The AMI can be resolved from publicly available SSM Parameters. Adding the
security group will attach to the public ENI. In case we need to debug the
instance I will also conditionally add the IAM instance profile. Ignoring AMI
changes will prevent destroying the instance when running another
tofu plan
and the new AMI was released.
data "aws_ssm_parameter" "AL2023" {
name = "/aws/service/ami-amazon-linux-latest/al2023-ami-kernel-6.1-arm64"
}
resource "aws_instance" "nat_instance" {
ami = data.aws_ssm_parameter.AL2023.value
instance_type = "t4g.nano"
vpc_security_group_ids = [aws_security_group.security_group.id]
subnet_id = var.public_subnet
iam_instance_profile = var.create_ssm_role ? aws_iam_instance_profile.ssm_role[0].name : null
lifecycle { ignore_changes = [ami] }
user_data = templatefile(
"${path.module}/user_data.yml",
{
private_subnets : data.aws_subnet.private_subnet[*].cidr_block,
primary_subnet : data.aws_subnet.private_subnet[0].cidr_block
}
)
}
However, as you can see above, I also added a user_data
field.
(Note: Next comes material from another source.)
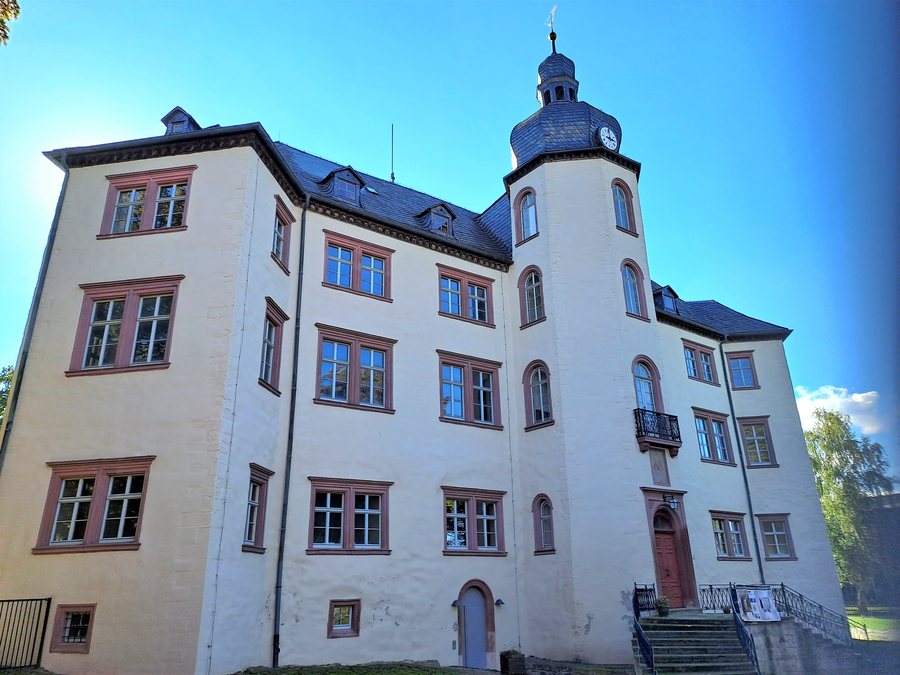 File:Schloss Wiehe 05.jpg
Because what
we have defined so far was the easy part. Now comes the core of the instance:
configuration inside Linux.
Configuration of the instance to act as a NAT Gateway
The user data script that we will supply will not be a simple Bash script. We
will use cloud-init
syntax to make the changes be applied every reboot of the
instance. This way we can dynamically attach more subnets and remove some of
them if we want to without recreating the whole instance again. By default,
simple Bash scripts run only once during instance creation. However, in
Terraform, changes to user data always reboot the instance. cloud-init
is a
different approach that allows us to set a flag that the script should be run
every time. In this user data, I will do two things: create the script as a
local file and execute it. Let's first go step by step through all the commands
we have to run in order to have a working NAT instance.
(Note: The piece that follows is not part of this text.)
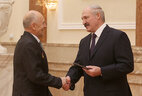 Alexander Lukashenko presents the diploma of the NASB academician to director of the NASB Institute for Soil Sciences and Agricultural Chemistry Vitaly Lapa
In the first part, I will do just three basic things: update the system, install
iptables-services
and enable IP forwarding in the kernel settings which I will
also apply immediately.
#!/bin/bash
yum update -y
yum install -y iptables-services
echo "net.ipv4.ip_forward=1" > /etc/sysctl.d/90-nat.conf
sysctl --system
The next step is to determine the network interface names. I will do it using
some ip
and grep
commands. AWS adds aliases to the ENIs, even though we are
using the same Amazon Linux 2023, just a year ago the names were a bit
differently formatted, so be sure to check from time to time if the syntax
changes. The second interface is dynamically attached so it might happen that we
have to wait for it.
ETH0_NAME=$(ip addr | grep device-number-0 | grep -oE 'device-number-.*$')
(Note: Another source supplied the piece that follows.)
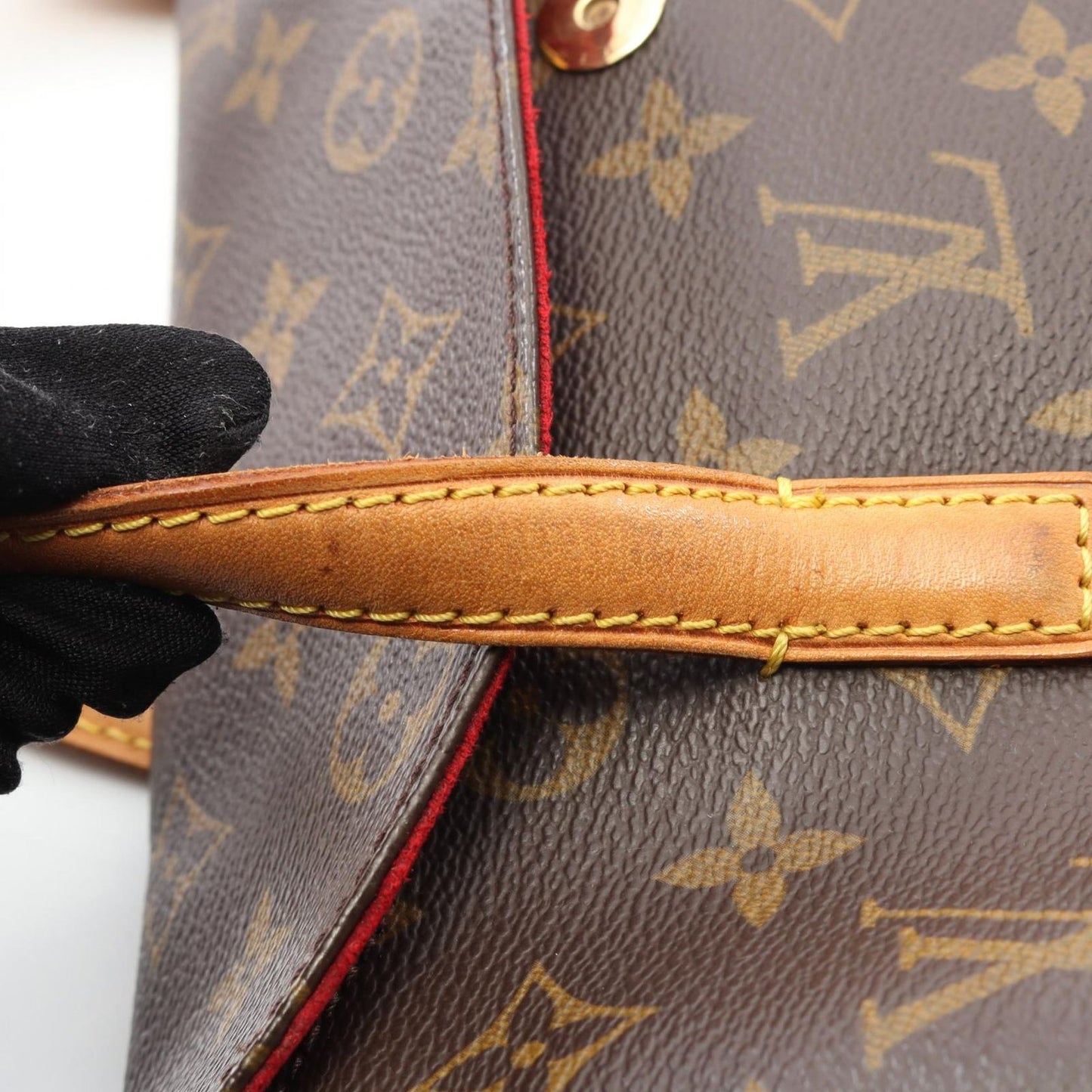 Louis Vuitton Sonatine Monogram Handbag - Timeless Elegance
# Find the private interface name
for i in {1..10}; do
ETH1_NAME=$(ip addr | grep device-number-1 | grep -oE 'device-number-.*$')
[[ -n "$ETH1_NAME" ]] && break
sleep 3
done
# Find the real interfaces ids
ETH0=$(ip -4 addr show $ETH0_NAME | grep -oP 'ens[0-9]+' | head -n1)
ETH1=$(ip -4 addr show $ETH1_NAME | grep -oP 'ens[0-9]+' | head -n1)
echo "Devices: public: $ETH0_NAME ($ETH0) and private: $ETH1_NAME ($ETH1)"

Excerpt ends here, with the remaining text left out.